Edward Ainsworth, Managing Director at 4C Associates, pointed out that the continued global expansion of many companies was opening them up to new risks. He underlined the need for businesses to call on an external viewpoint, or simply other members of staff, to gain fresh insights into this area. “The key for leading companies is to find a way of optimising cost and risk,” he said. “An important element of this is recognising new threats, such as the risk of new, more agile, low cost entrants, into the market.”
Jean Drouffe, Group Finance, Risk and Strategy Director at AXA UK and Ireland, agreed, and added that as insurance is being increasingly distributed online, new competitors were entering the market. Drouffe, highlighted easily accessible data as the main reason companies such Google, Tesco and car manufacturers, were beginning to move into the insurance sector. Remaining vigilant and learning from the mistakes of others, were seen as key elements for any company wishing to remain successful.
Companies which remain successful despite the economic landscape remain greatly affected by the current climate of austerity. Mark Morris, Finance Director at Rolls Royce explained that although Rolls Royce as a company could benefit from opportunities resulting from the crisis, other partners were not in the same situation. “We have access to cheap funding but many of our own suppliers do not,” he said. Morris also highlighted the sheer complexity of some of the industry’s products as a potential risk. Most recently, Boeing saw its new Dreamliner range grounded after a series of technical issues caused concern.
Leading companies are thinking much more carefully about what risks they are taking and communicating these to investors. This allows for an approach focused on mitigating or eliminating threats. Ainsworth pointed out that by doing this in a structured way, company value can be increased. Julian Metherell, CFO and Executive Director at Genel Energy agreed and explained that at Genel, investors understand their exposure to the Middle Eastern and North African oil markets and consequently demand a high return on equity. On the other hand, investors are not expecting risks to be run with funds secured on the overnight market.
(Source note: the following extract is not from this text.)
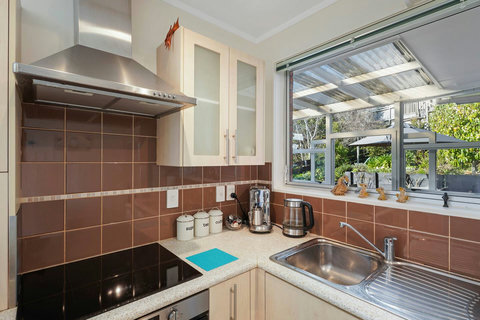 Enjoy doing the dishes while looking outside and enjoying the garden area.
The panel ended with a discussion regarding longer term risks, such as changing demographics and climate change. Jeff van der Eems, Chief Operating Officer and CFO at United Biscuits, employs a “shooting duck strategy” to ensure UB stays on top of consumer trends. This entails predicting future changes in consumer behaviour and reacting to them slightly before they take place. The difficulty lies in ensuring changes are not made too soon or too late. “Snacking has been going on for years and this is an industry in which changes happen slowly,” he said. “We have already removed trans-fat and palm oil from our products and will continue to evolve with our customers.”
Steering the Business
The tone of 2013’s CFO Summit was undoubtedly more hopeful than in previous iterations. Many finance leaders are cautiously optimistic about what their businesses will be able to achieve in the coming years. Although the Eurozone crisis is still very much a cause for concern, Mario Draghi’s pledge to do “whatever it takes” to save the single currency has helped dissipate a number of fears. Many of the speakers also pointed to the rise in purchasing power in emerging nations as a key opportunity for long and short term growth.
On the other hand, none of those present believed the coming years would be easy for any industry. Driving growth, be it through cost transformation, sound investments or risk management, continues to be a key concern for businesses. In this context, many stakeholders will look to finance leaders to carry out the complex balancing act that has come to be seen as the role of the CFO.